Your banter should run the gambit. Use lots of feeling words to help them develop an emotional vocabulary. Talk about your mistakes and failures (the ones that are appropriate to share) to help them understand a growth mindset. Describe your experiences and help them learn to be better storytellers.
Misdirection Is Key
One of the skills that I learned as a magician was to draw the audience’s attention away from the slight of hand that I was doing and towards something else. This misdirection allowed me to make the “magic” happen. Magicians create illusions by guiding your attention away from where the action is happening to someplace else. It might be a flashy flourish or just talking about something else on the stage.
Misdirection works well with kids, too!

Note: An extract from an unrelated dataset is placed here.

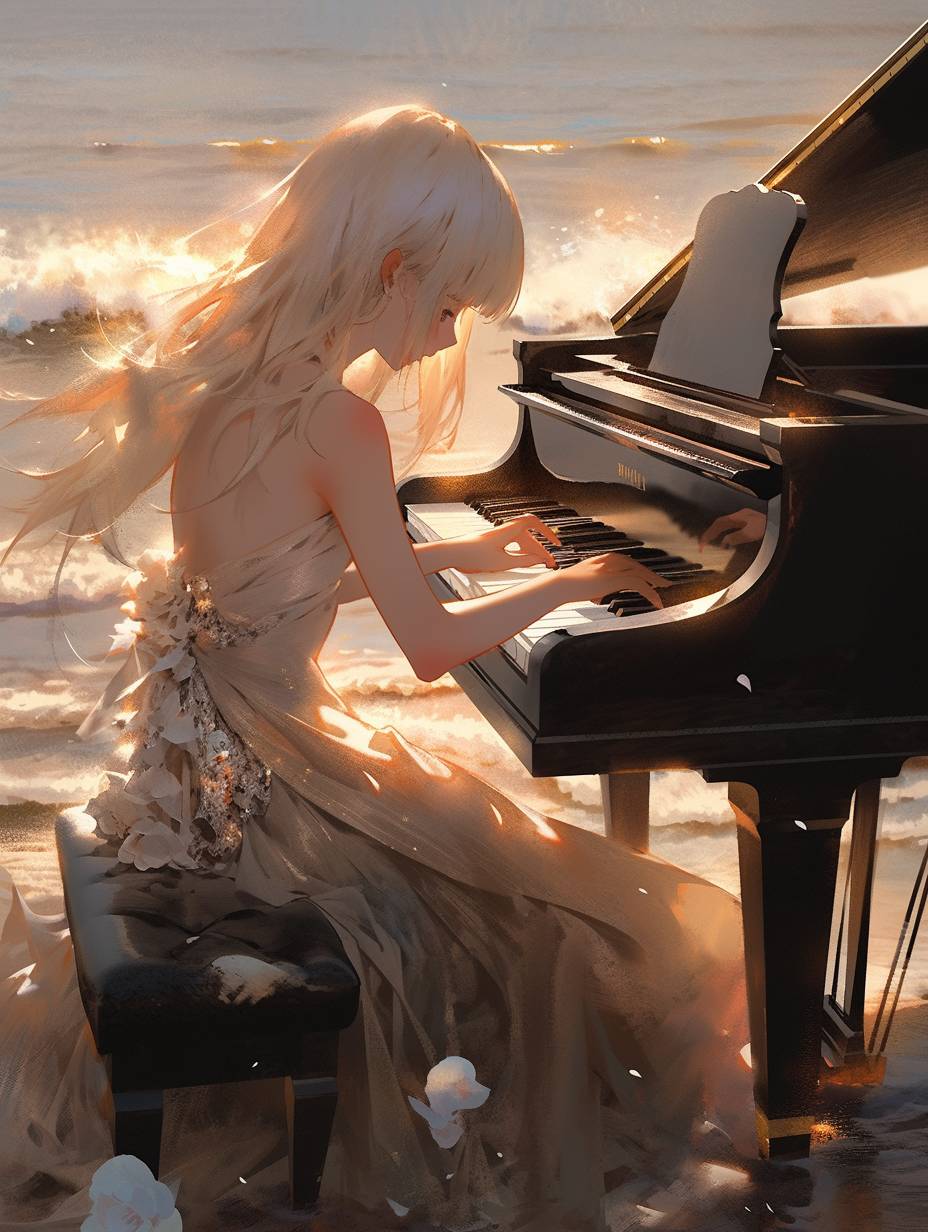 Prompt Image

Just like the tada trick that we use when our kids fall down, you can use misdirection to help a child recover from a tantrum, meltdown, or even a grumpy mood. The key is to use humor, a different activity, or even food (yes, it can be ok to give food in these situations – sometimes meltdowns occur because of hunger and kids can’t express that) to pull the child’s attention away from the cause of her mood or explosion.

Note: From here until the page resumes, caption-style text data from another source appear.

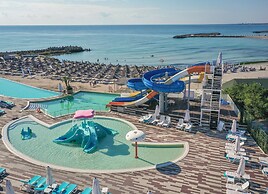 Mera Onix Cap Aurora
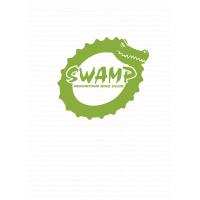 South West Association of Mountain Pedalars (SWAMP)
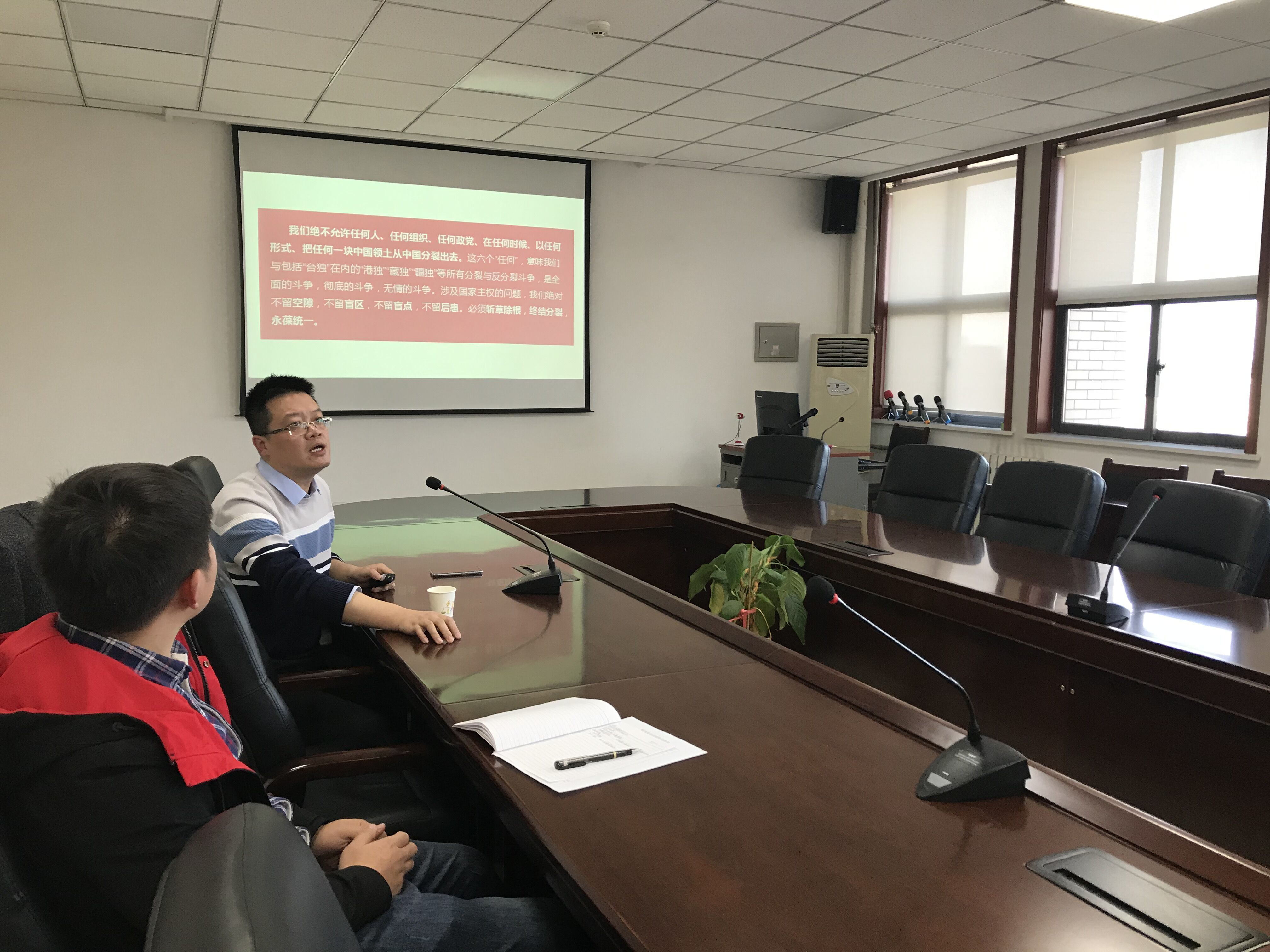 48d4346221cc4999ba45c30624bfce41.jpg 48d4346221cc4999ba45c30624bfce41.jpg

It may take several attempts to get the misdirection to work and that’s ok. Unlike a magician, your child isn’t necessarily tuned into you and your first attempts may just be getting them to focus on you. The laughter, food, or change in activity shifts her focus and eventually creates a space to talk through whatever the problem was.
Kids Are Just as Interested in Failure as Success
As former (just barely) professional magician, I’ve had some tricks blow up in my face (not literally). The best magicians are able to recover smoothly from failure and move on which is a great example of flexible thinking and growth mindset. Even better magicians turn their failure into a moment of shared empathy with the audience and pull them in even closer into the act.

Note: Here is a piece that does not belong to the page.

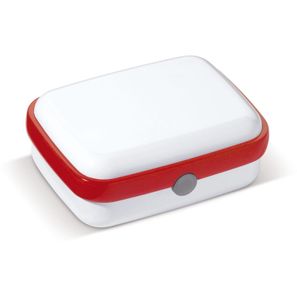 Brotdose Fresh 1000ml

As parents, we fail too, but we are so hesitant to be open about our mistakes, particularly in front of our kids. Showing that you are not perfect, though, gives your kids permission to also not be perfect. If we want them to develop a growth mindset and know that they can learn from failure, we have to be transparent about our own mistakes.
When you don’t hold up your end of a bargain because you’ve changed your mind (or just forgot), let them know. Talk about the projects that didn’t work out as planned and share with them how you are thinking about trying again in the future. Most importantly, listen to them about their mistakes and failures and then reinforce the importance of their effort, energy, and engagement.
So polish up your magic wand and practice saying, “Hocus pocus!” Sprinkling a little pixie dust on your parenting might just give the extra push you need to bring innovation into your parenting.